O #bmeeting e a saga da mala

Em 23.05.2016   Arquivado em Bandipost

E depois de sete anos de #tweetchats, #msnchats (yes, that old!) e #mailchats – além de no mínimo uns dois anos de planejamento do encontrinho em sí – o Bandilouca Meeting finalmente aconteceu. Eu, Patthy e Luh somos esse grupo maravilhoso chamado carinhosamente de Bandilouca, e na linda sexta-feira 13/05/2016 estávamos todas (menos a Luh, claro, que já estava lá) indo para SP para termos um dos melhores fins de semana da nossa vidinha.

Mas vamos começar do começo, ok? Ok! O que fazer quando você vai viajar sozinha pela primeira vez na sua vida, pra um lugar que você não conhece e vai encontrar com pessoas que nunca viu e fazer passeios que nunca fez e não faz ideia do que levar? Você decide que não vai fazer igual suas amiguinhas e levar uma simples mochila pra viagem, e sim uma maldita mala de rodinhas. Porque claro, você super vai precisar de todos os exageros que você quer levar.

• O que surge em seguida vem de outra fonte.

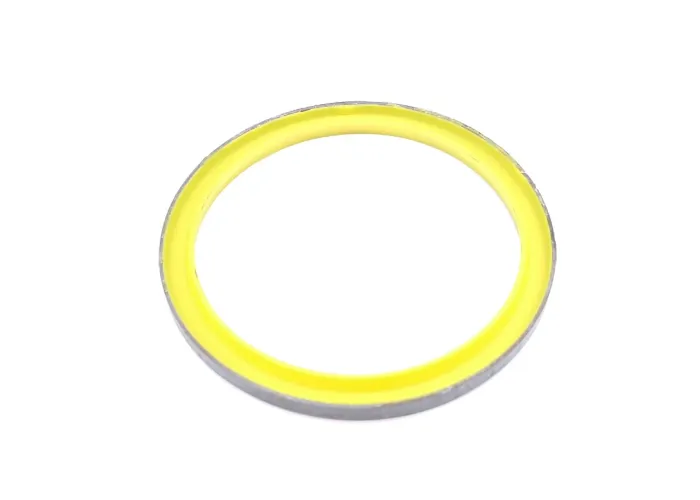 SEAL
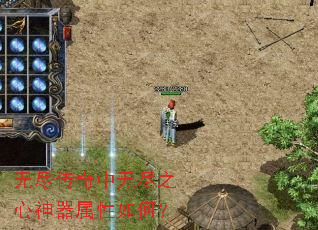 �޾��������޾�֮������������Σ�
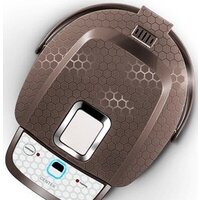 Термопот CENTEK CT-0094 - Превью изображения №3 — Интернет-магазин ПроЗаказ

Tudo já começa bem quando você chega no terminal e tem que subir e descer escadas várias vezes porque o ônibus da sua amiga atrasou, e quando ele finalmente chega você acha que seus problemas estão no fim, mas adivinha? Isso é só o começo. Devo dizer que pegar um uber pela primeira vez no terminal não é a coisa mais fácil do mundo. As ruas paralelas confundiram demais a gente, e isso resultou em três pessoas felizes e uma mala andando pra cima e pra baixo nas ruas do terminal pra tentar achar o bendito do uber. Resultado? Tivemos que cancelar o primeiro e só achamos o segundo porque o motorista ligou pra gente e conseguiu explicar onde ele estava (valeu ai, cara!).

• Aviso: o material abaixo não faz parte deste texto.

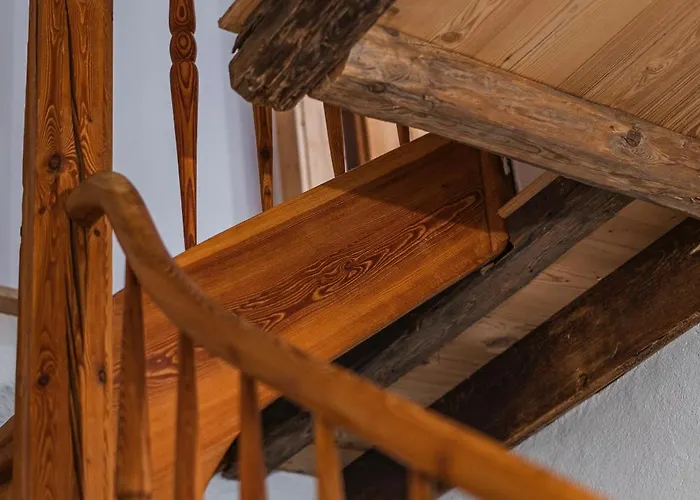 Dachstein Goisern * Bad Goisern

Depois de tudo isso chegamos no apartamento bem cansadas, mas com a adrenalina lá em cima porque né, estávamos naquela vibe “it’s real!!!!” e ansiosas pelo dia seguinte, já que conhecemos Luizete somente no sábado. A expectativa seria chegarmos, tomarmos um banho quente (que não rolou de primeira, mas pelo menos depois a Patthy descobriu o ~segredo~ do chuveiro e ele esquentou o suficiente pra não morrermos de frio) e dormirmos. Ai já veio o próximo desafio: Abrir o sofá-cama, já que o encosto não abria de jeito nenhum. Imagine as três assistindo vídeos no youtube do tipo “como abrir um sofá-cama” e falhando mesmo assim. 😁 Por sorte deu pra fazer uma gambiarra e eu dormi muito bem, obrigada, apesar de tudo. (Também né, com o cansaço que eu tava todos os dias era impossível não dormir profundamente, fosse onde fosse).

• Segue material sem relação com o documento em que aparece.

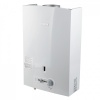 Газовый проточный водонагреватель Bosch WR10-2 P23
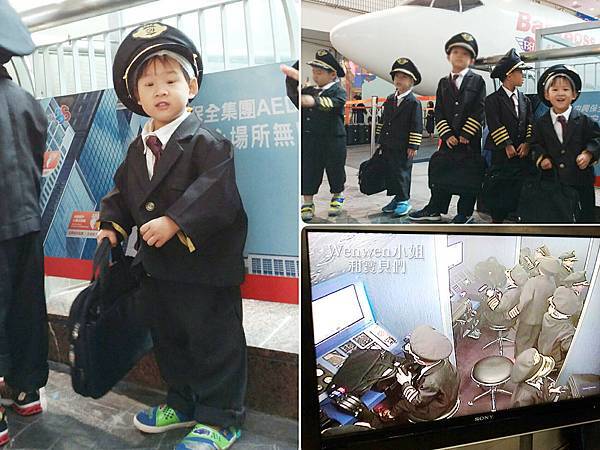 2017.05.24 東尼3y3m京華城 babyboss職業體驗任意城 初體驗 (3).jpg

Já nosso sábado foi marcado por nós andando do apartamento até o parque, finalmente conhecendo Luizete no Ibirapuera lindo ❤️, quase nos perdendo dentro do parque, voltando pra Paulista pra almoçar e conhecendo a casa da rosas, que como a Patthy bem disse, poderia ser chamada de casa dos flocos de neve, porque realmente, eu quase congelei lá. #drama (Aliás, a coisa mais engraçada era que de meia em meia hora eu mudava de opinião sobre eu não ter levado blusa de frio. No calor era uma maravilha não ter que carregar aquilo comigo, mas no frio eu queria chorar. haha)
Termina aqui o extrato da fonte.